### Problem requirements
Scan the records below for the line with "I wanted to" and the line with "This all started", and retype that range exactly, both ends included, pictures excepted.

### Records shown
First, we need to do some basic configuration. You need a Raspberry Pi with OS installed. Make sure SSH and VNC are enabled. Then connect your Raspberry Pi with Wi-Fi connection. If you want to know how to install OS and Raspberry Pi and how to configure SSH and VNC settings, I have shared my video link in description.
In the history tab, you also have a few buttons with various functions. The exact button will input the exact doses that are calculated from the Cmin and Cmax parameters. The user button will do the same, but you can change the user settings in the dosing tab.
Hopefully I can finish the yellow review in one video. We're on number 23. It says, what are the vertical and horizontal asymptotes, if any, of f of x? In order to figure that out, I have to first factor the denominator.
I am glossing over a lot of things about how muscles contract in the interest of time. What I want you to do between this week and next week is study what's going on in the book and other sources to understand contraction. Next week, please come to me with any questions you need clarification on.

--

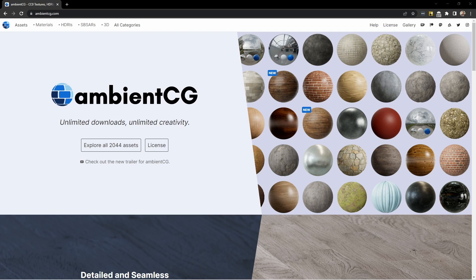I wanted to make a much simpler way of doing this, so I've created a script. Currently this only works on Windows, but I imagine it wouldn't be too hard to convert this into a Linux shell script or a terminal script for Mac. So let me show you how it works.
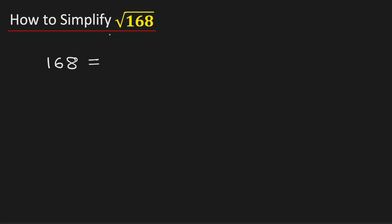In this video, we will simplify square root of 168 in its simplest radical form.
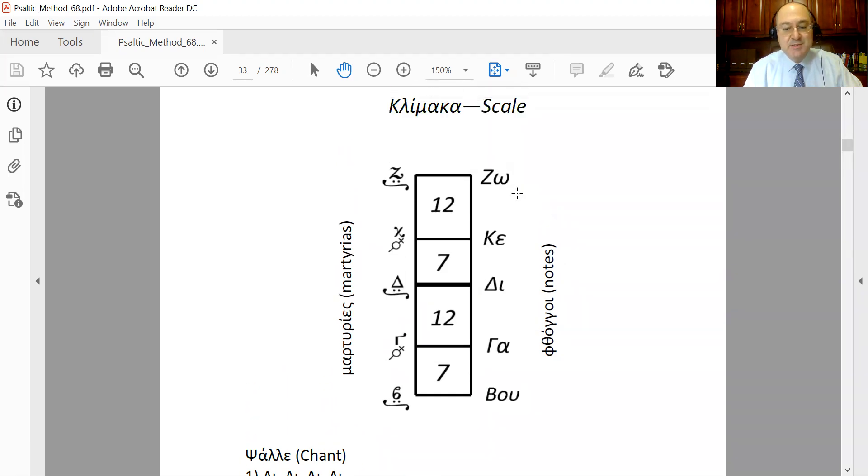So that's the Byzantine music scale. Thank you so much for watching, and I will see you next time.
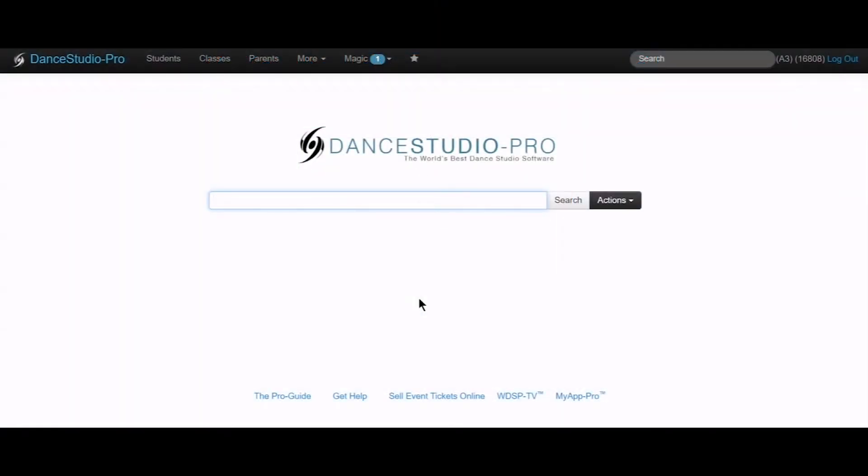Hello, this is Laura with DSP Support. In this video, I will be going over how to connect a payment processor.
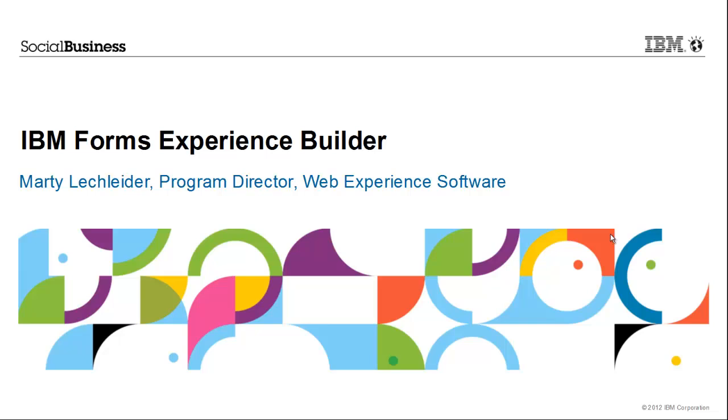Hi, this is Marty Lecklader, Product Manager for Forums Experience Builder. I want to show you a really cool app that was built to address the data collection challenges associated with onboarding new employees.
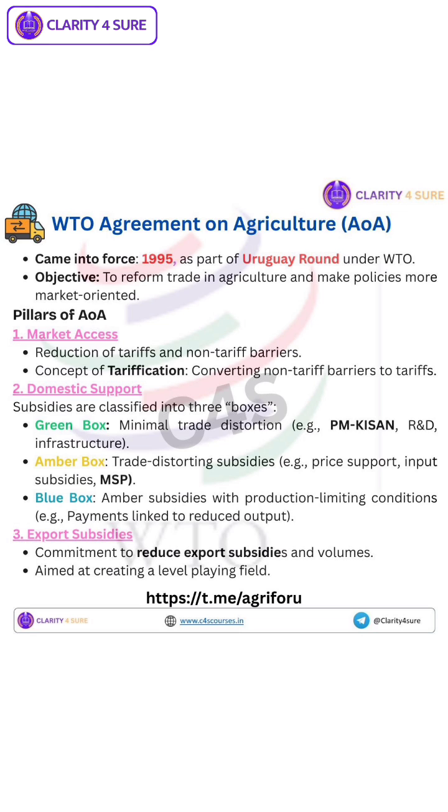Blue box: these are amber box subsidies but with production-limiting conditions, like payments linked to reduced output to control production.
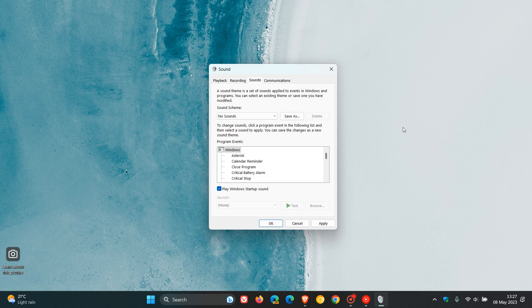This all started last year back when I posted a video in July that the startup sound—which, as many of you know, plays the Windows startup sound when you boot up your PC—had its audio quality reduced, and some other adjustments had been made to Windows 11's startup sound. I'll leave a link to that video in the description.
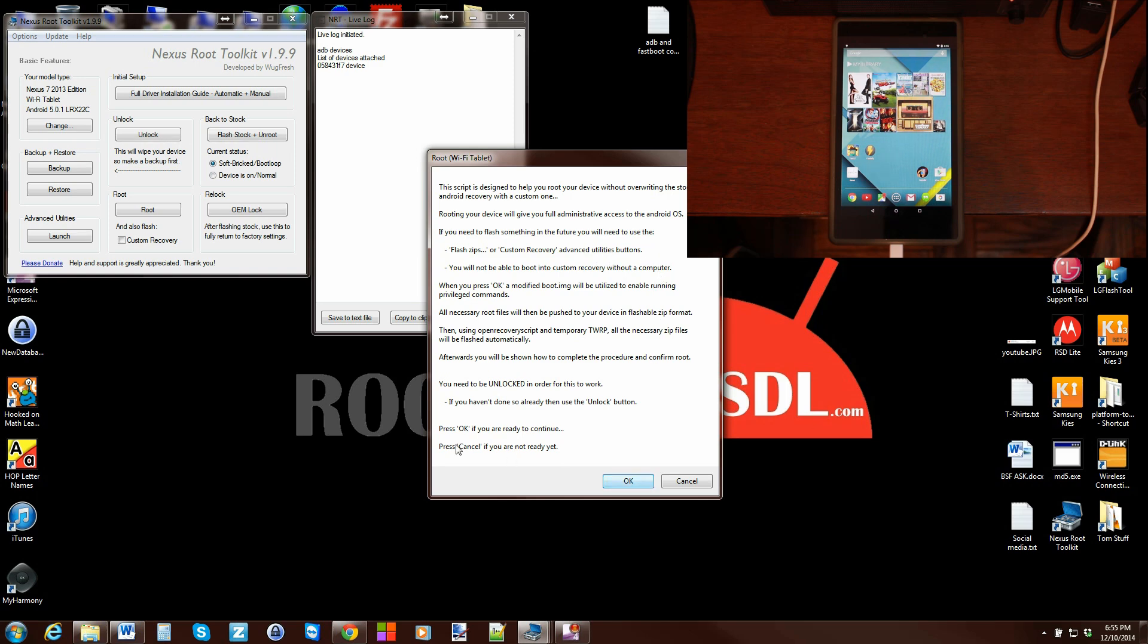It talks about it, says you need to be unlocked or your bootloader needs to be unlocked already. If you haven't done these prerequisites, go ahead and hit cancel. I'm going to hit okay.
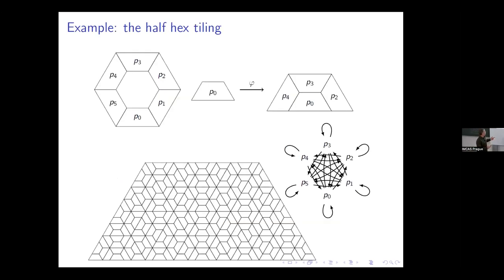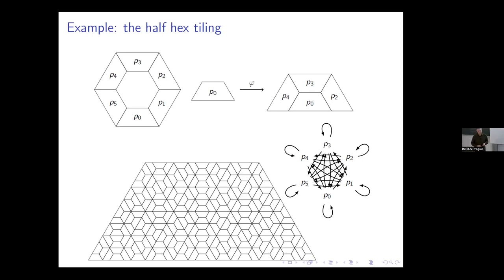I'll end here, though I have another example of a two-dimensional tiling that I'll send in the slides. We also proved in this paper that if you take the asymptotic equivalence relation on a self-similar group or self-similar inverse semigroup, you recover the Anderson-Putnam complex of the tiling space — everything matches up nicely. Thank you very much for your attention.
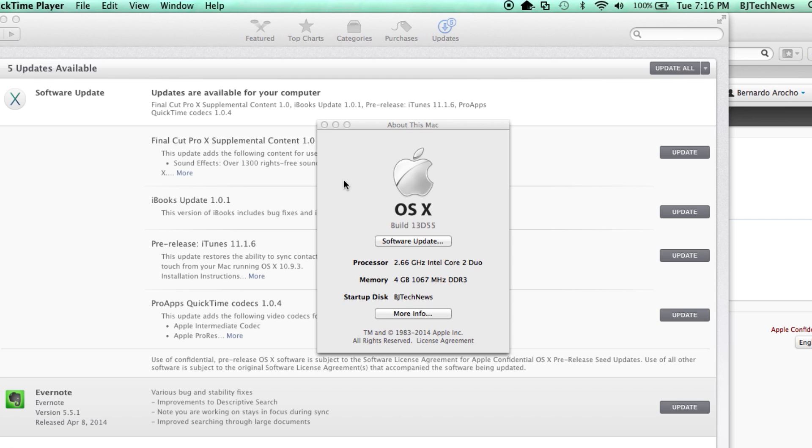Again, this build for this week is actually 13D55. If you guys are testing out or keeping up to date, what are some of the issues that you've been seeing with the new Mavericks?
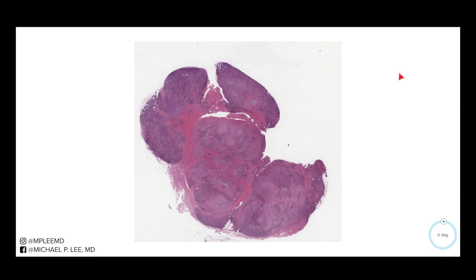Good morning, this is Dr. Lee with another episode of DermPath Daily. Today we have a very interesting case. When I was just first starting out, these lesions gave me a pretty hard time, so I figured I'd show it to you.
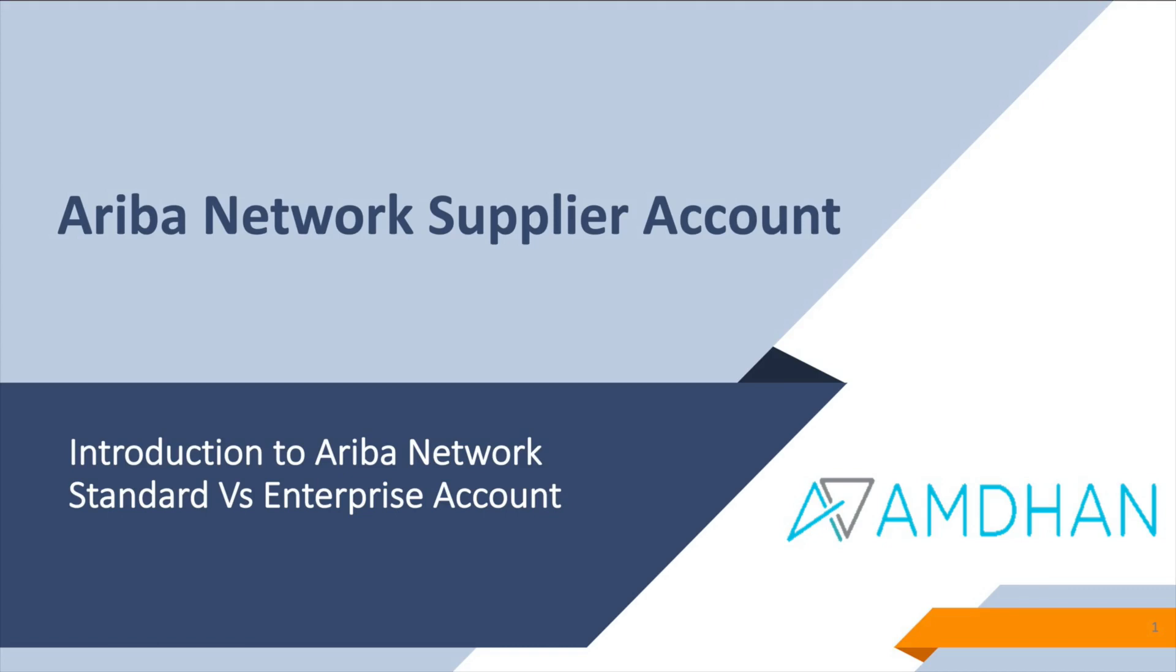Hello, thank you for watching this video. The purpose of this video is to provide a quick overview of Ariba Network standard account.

### Your solution
I wanted to make a much simpler way of doing this, so I've created a script. Currently this only works on Windows, but I imagine it wouldn't be too hard to convert this into a Linux shell script or a terminal script for Mac. So let me show you how it works.
In this video, we will simplify square root of 168 in its simplest radical form.
So that's the Byzantine music scale. Thank you so much for watching, and I will see you next time.
Hello, this is Laura with DSP Support. In this video, I will be going over how to connect a payment processor.
Hi, this is Marty Lecklader, Product Manager for Forums Experience Builder. I want to show you a really cool app that was built to address the data collection challenges associated with onboarding new employees.
Blue box: these are amber box subsidies but with production-limiting conditions, like payments linked to reduced output to control production.
This all started last year back when I posted a video in July that the startup sound—which, as many of you know, plays the Windows startup sound when you boot up your PC—had its audio quality reduced, and some other adjustments had been made to Windows 11's startup sound. I'll leave a link to that video in the description.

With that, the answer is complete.